Get an overview of the credit score monitoring market, its role in helping individuals track their credit health, and the benefits of regular CIBIL score monitoring.

The advancements in the financial landscape in India, in turn, promotes the need for superior credit score monitoring services. According to Experian’s latest Credit Insights report, as the demand for credit expands by 21% year-on-year basis to ₹121 Lakh Crore as of March, 2025, the importance of a healthy credit background emerges more strongly. Individuals with a good credit score are likely to be eligible for more credit as compared to individuals with a low credit score. 

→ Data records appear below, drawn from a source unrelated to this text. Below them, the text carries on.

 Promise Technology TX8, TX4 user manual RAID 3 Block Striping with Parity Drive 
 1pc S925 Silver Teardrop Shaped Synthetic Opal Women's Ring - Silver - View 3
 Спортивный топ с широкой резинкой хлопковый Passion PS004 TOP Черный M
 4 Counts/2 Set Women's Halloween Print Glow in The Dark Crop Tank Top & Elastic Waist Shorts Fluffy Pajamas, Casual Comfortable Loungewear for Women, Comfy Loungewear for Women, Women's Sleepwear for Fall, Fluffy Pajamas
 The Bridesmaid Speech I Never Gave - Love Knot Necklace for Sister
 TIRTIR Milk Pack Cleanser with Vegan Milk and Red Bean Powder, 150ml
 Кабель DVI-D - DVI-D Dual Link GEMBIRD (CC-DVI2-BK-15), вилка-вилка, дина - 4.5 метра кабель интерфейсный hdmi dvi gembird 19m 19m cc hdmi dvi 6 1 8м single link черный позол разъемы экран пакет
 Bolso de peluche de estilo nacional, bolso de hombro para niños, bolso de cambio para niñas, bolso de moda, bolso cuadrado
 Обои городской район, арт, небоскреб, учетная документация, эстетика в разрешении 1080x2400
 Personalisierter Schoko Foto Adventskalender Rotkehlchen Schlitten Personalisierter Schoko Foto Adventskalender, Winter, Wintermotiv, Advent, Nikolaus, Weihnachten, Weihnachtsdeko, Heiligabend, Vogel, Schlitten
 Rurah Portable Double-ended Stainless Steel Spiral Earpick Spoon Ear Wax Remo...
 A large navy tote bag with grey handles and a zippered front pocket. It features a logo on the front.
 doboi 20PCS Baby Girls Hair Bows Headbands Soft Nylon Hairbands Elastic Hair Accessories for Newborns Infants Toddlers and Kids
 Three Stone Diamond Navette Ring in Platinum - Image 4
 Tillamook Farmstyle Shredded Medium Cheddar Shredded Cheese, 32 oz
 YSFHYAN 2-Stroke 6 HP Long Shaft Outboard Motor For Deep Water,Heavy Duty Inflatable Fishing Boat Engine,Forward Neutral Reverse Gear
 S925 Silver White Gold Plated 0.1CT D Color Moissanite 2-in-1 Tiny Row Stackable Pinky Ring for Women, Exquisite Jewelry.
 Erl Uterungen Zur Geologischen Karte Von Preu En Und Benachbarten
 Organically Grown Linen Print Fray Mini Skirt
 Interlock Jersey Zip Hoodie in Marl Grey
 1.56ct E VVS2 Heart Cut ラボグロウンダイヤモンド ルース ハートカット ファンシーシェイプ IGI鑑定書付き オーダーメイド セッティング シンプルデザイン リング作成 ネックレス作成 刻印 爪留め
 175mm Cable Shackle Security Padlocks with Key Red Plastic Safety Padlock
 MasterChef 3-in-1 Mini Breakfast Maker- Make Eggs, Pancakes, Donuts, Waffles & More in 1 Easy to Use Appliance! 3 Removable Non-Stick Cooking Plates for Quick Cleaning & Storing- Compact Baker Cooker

One can easily track their credit scores by utilising credit monitoring services that assist with credit score tracking, understanding, and improvising. The credit score monitoring service industry is experiencing a steady boost. It is compelling to understand the industry’s market size, growth factors, and trends in 2025-2029.  

Overview

The credit score market boasts the following trends and growth opportunities:

  • As of March 2024, approximately 119 million Indians actively tracked their CIBIL scores, leading to a 51% year-on-year growth, according to a report by TransUnion CIBIL.​

  • This surge in credit score monitoring is majorly charged by millennials and Gen Z, who constitute 77% of the self-monitoring population.​

  • Non-metro regions saw a significant surge of 57% in self-checks of credit score, compared to 33% in metro areas, indicating expanding financial awareness beyond urban centers.​

  • As of December, 2024, females have also shown a 42% growth in credit monitoring, rising to 27 million women monitoring their credit score. 

  • With increased monitoring, the individuals’ credit health is improving. 46% of consumers improved their CIBIL score within six months of checking, enhancing their borrowing chances.​

Key Drivers of Market Growth

CIBIL studies show that 38% of people confirmed that the primary reason for individuals to monitor their credit score is to improve it. This behavioral shift, combined with digital transformation and regulatory focus, is driving strong market growth. Other such factors include: 

  • Digital Financial Inclusion: Government initiatives and private sector innovation have significantly increased access to banking services, creating a rising customer base for credit monitoring.

  • Regulatory Push: The Reserve Bank of India (RBI) mandates credit bureaus to update reports every 15 days, improving information accuracy and motivating consumers to stay vigilant about credit health.​

  • Rising Awareness: More Indians are aware today than ever before that credit scores directly impact loan approvals and interest rates, leading to increased subscription to monitoring services.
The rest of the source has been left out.